The fish were decapitated and descaled, then individually thoroughly homogenized. The samples were stored at −20 °C for subsequent sample preparation and GC–ECD analysis. The 4 fish were recorded as number 1, 2, 3, and 4 and were all of similar weight (10–12.5 g) at the start of the experiment. At the time of euthanasia, their respective weights were 17.0 g, 21.4 g, 48.1 g, and 66.9 g. The variation in weight was due to the different growth rates of the individual fish over the 13 mo, during which some fish may have consumed more of the plants available in the aquarium than did the others. Determination of dieldrin in the treated fish was achieved using acetonitrile and dispersive solid-phase extraction. Samples (1 g) were weighed into polypropylene centrifuge tubes. Liquid–liquid partitioning was conducted by successively adding 5 mL water, shaking by hand (30 s), then adding 5 mL acetonitrile and shaking again (30 s). A mixture of magnesium sulphate (MgSO4; 2 g), sodium chloride (NaCl; 0.5 g), sodium citrate tribasic dihydrate (C6H5Na3O7x2H2O; 0.5 g), and sodium hydrogen citrate sesquihydrate (C6H6Na2O7x1.5H2O; 0.25 g) was added. The samples were then shaken by hand (1 min) and centrifuged (3180 g, 5 min, 15 °C). The sample extract aliquots (4 mL) were cleaned by adding a mixture of materials comprising MgSO4 (150 mg), primary–secondary amine (50 mg), and matrix solid phase dispersion C18 (50 mg) per mL of aliquot used. After vigorous vortex-mixing (30 s) and centrifugation of the tubes (1364 g, 5 min, 15 °C), 2 mL of the supernatants was transferred to glass tubes and evaporated using a TurboVap LV nitrogen evaporator (Zymark). The samples were evaporated to dryness, redissolved in 0.5 mL of toluene, and vortex-mixed (1 min). After sonication for 5 min in an ultrasonic bath (Model USC 300T; VWR), the samples were filtered through 0.45 µm polytetrafluoroethylene syringe filters, into GC vials and analyzed by GC–ECD.

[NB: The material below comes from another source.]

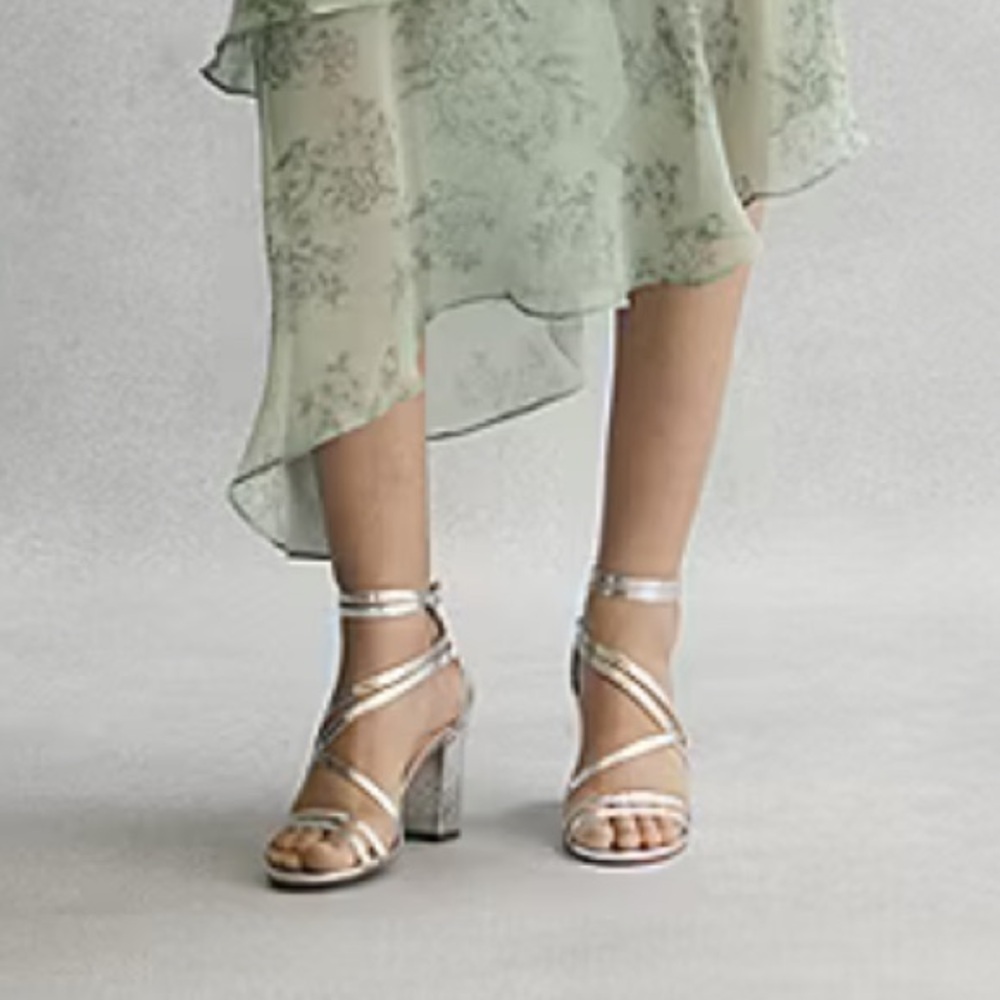 JS Jessica Simpson Womens Hirrine Heeled Sandals in Crackle Silver - Picture 7 of 8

Dieldrin standard solutions
The dieldrin stock standard solution (1 g/L) was prepared in toluene. From the dieldrin stock standard solution, intermediate and working standard solutions were prepared (100 ng/µL, 1 ng/µL, and 0.1 ng/µL) with toluene and 15% acetone in isooctane as the solvent. Calibrators were prepared in blank matrix over the range 24 µg/kg to 480 µg/kg for mosquitoes and 2.5 µg/kg to 60 µg/kg for fish.
Instrumental conditions
The chromatography was carried out using a Hewlett Packard (Agilent) Gas Chromatogram 6890 Series equipped with an HP-5 column (30 m × 250 µm inner diameter, 0.25 µm; Agilent) coupled with an electron-capture detector (temperature at 170 °C) in split mode. The analysis was performed with helium as the carrier gas at a flow rate of 1.5 mL/min; the initial oven temperature was 70 °C, with progressive heating to 300 °C (70 °C after 1.50 min, 110 °C after 2.50 min, 260 °C after 17.75 min, 300 °C after 22.75 min) with a total run time of 22.75 min. Data analysis was performed with the Agilent GC Chemstation (B.03.02) software and Microsoft Excel 2010.
Method validation
Mosquitoes
Mosquito samples were fortified at 3 different concentrations (24 µg/kg, 120 µg/kg, and 240 µg/kg) with a dieldrin standard solution (100 ng/mL) prepared in 15% acetone in isooctane and analyzed using the method described above in the Materials and methods, Mosquitoes section. The full validation procedure was carried out on 3 d. Three replicates were prepared for each fortification level, and 2 different persons conducted the experiment.
Fish
Blank samples of Carassius auratus auratus were obtained from a pet store. These fish were not fed with contaminated mosquitoes. Samples were analyzed by the described method, and no dieldrin was detected (less than the limit of detection of the method). As with the adult mosquitoes, the method validation was conducted on 3 d by 2 different persons alternately. The samples were fortified at 3 concentrations (2.5 µg/kg, 12.5 µg/kg, and 25.0 µg/kg) with a dieldrin standard solution (100 ng/mL) prepared in toluene.
Results
Analytical method for dieldrin
Mosquitoes
The overall recovery yields for dieldrin in mosquitoes, using the validation protocol described above in the Materials and methods, Method validation section, averaged 77.3 ± 2.2% (mean ± relative standard deviation [RSD]) (Table1). The limit of detection and the limit of quantification were 7.5 µg/kg and 24.0 µg/kg, respectively.
Table 1.
Overview of dieldrin average recoveries (RA; %) on 3 validation days, at 3 fortification levels (24 µg/kg, 120 µg/kg, and 240 µg/kg) and relative standard deviation (RSD; %) of male adult Anopheles arabiensis samples (n = 3)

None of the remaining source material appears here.